Would you copy exactly the lines in the data below from the one that has "Hue Medium Luggage" through the one that has "Décodeur Vidéo 16", dropping any pictures?

■ Records

^^^^^^^^^^^^^^^^

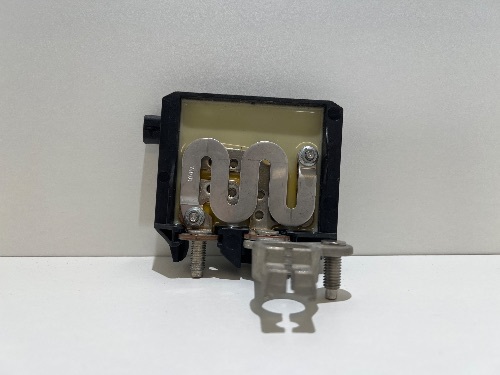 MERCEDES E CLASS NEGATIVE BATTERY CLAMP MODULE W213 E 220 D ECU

^^^^^^^^^^^^^^^^

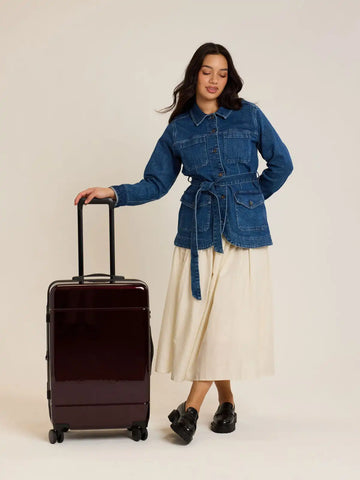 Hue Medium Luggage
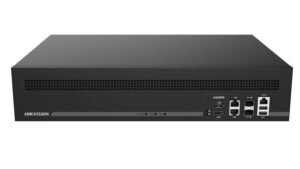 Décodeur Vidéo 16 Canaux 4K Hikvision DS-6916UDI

^^^^^^^^^^^^^^^^

■ Exercise solution
 Hue Medium Luggage
 Décodeur Vidéo 16 Canaux 4K Hikvision DS-6916UDI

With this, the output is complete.